_Task to carry out_
What's wanted is a faithful retyping of every entry, pictures excluded.

_Extracted data_
══════

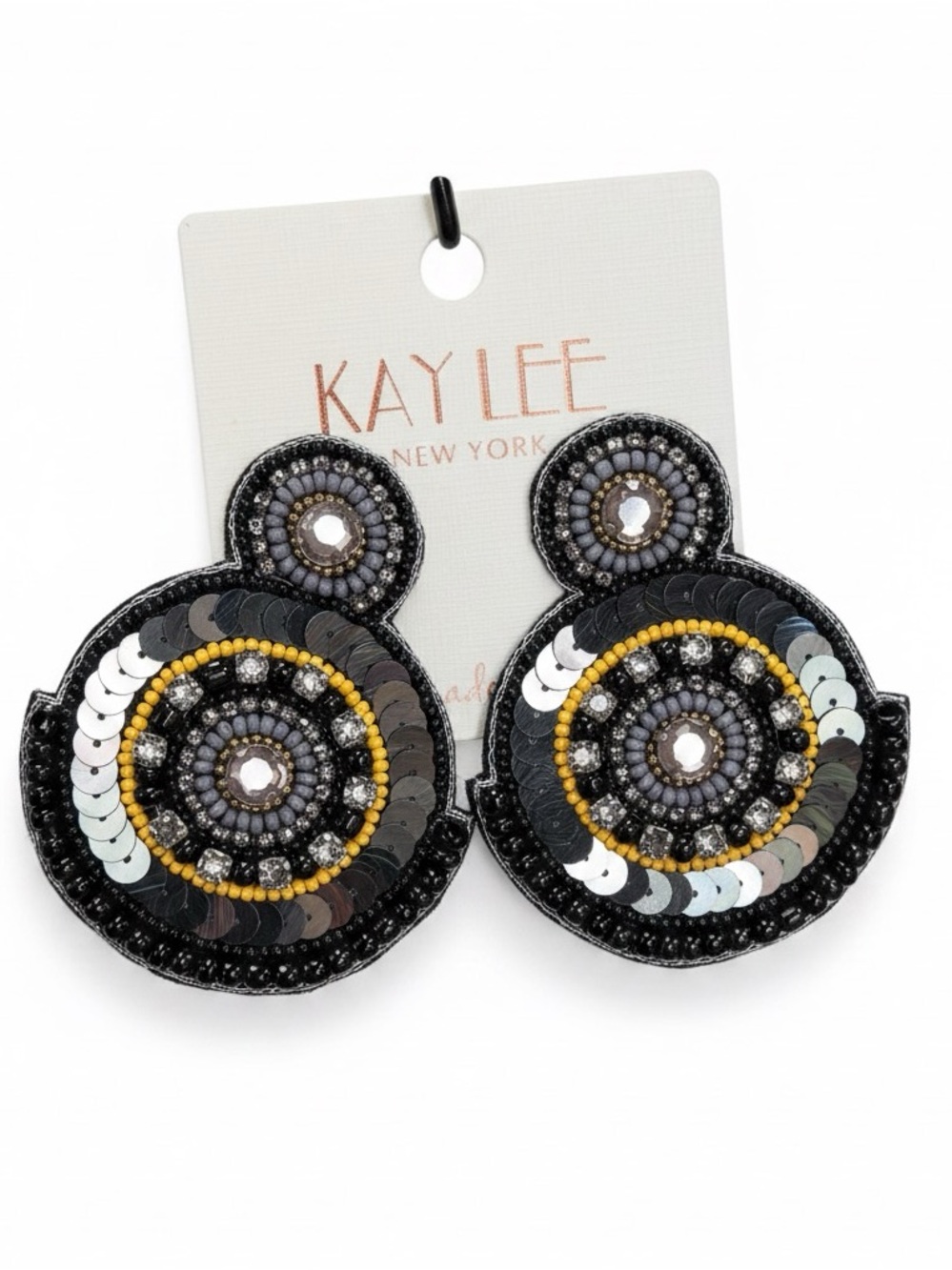 Kaylee Black & Gold Beaded Disc Drop Earrings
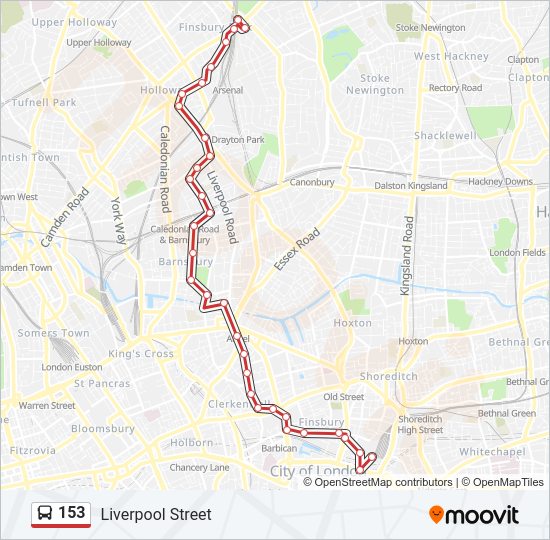 153 Bus Line Map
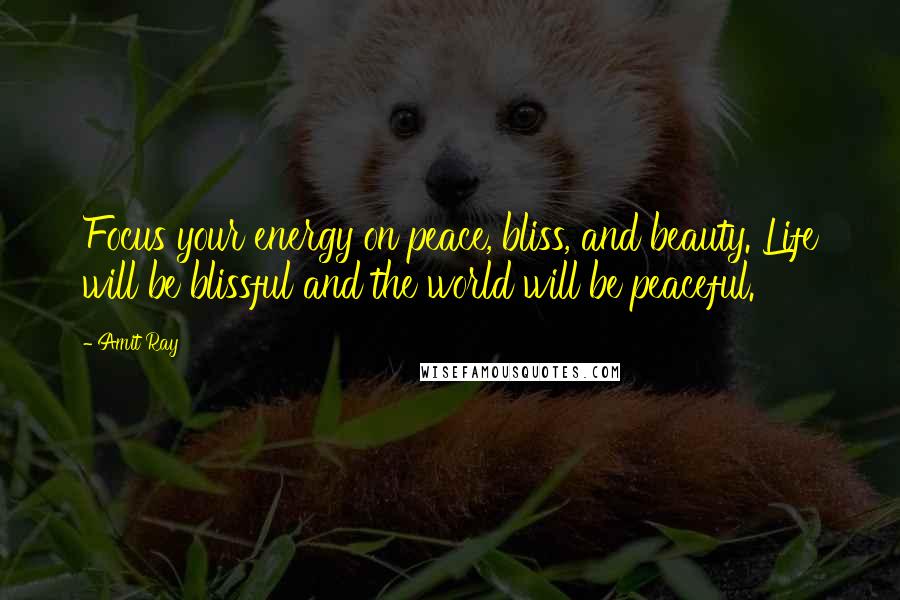 Amit Ray Quotes: Focus your energy on peace, bliss, and beauty. Life will be blissful and the world will be peaceful.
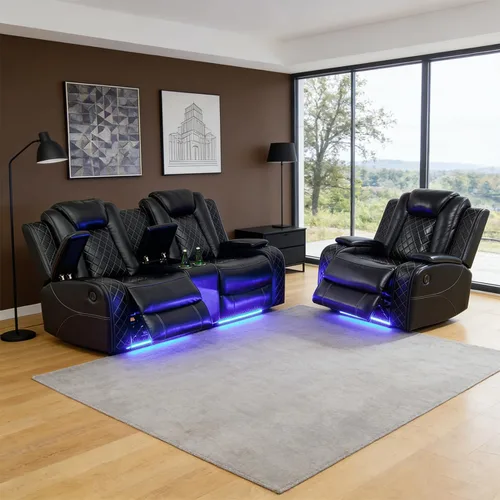 Vista 41 de Juego de sofá reclinable eléctrico para sala de estar, juego de sofá reclinable de pana con luces LED, puertos USB, almacenamiento oculto, juego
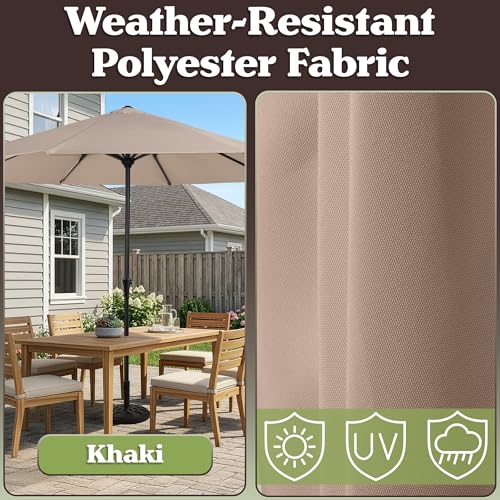 Pure Garden 9FT Round Patio Umbrella with 19lb Weighted Base - Easy Crank, Vented Canopy Outdoor Umbrella for Shade - For Deck, Balcony, Porch, Backyard, or Pool (Khaki) by Pure Garden - Used condition - Image 4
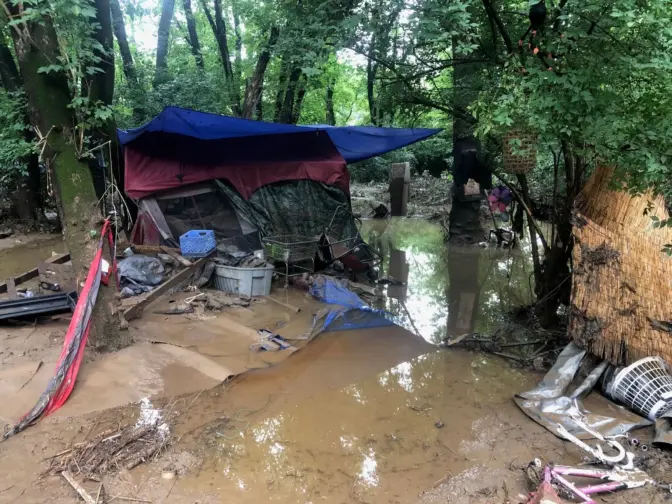 A photo outreach worker Mark Boorse took on the morning of July 10, 2023, showing the encampment by the Schuylkill River in Pottstown flooded. By this point, the water had already started to recede. (Mark Boorse/Access Services)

══════

_Solution_
 Kaylee Black & Gold Beaded Disc Drop Earrings
 153 Bus Line Map
 Amit Ray Quotes: Focus your energy on peace, bliss, and beauty. Life will be blissful and the world will be peaceful.
 Vista 41 de Juego de sofá reclinable eléctrico para sala de estar, juego de sofá reclinable de pana con luces LED, puertos USB, almacenamiento oculto, juego
 Pure Garden 9FT Round Patio Umbrella with 19lb Weighted Base - Easy Crank, Vented Canopy Outdoor Umbrella for Shade - For Deck, Balcony, Porch, Backyard, or Pool (Khaki) by Pure Garden - Used condition - Image 4
 A photo outreach worker Mark Boorse took on the morning of July 10, 2023, showing the encampment by the Schuylkill River in Pottstown flooded. By this point, the water had already started to recede. (Mark Boorse/Access Services)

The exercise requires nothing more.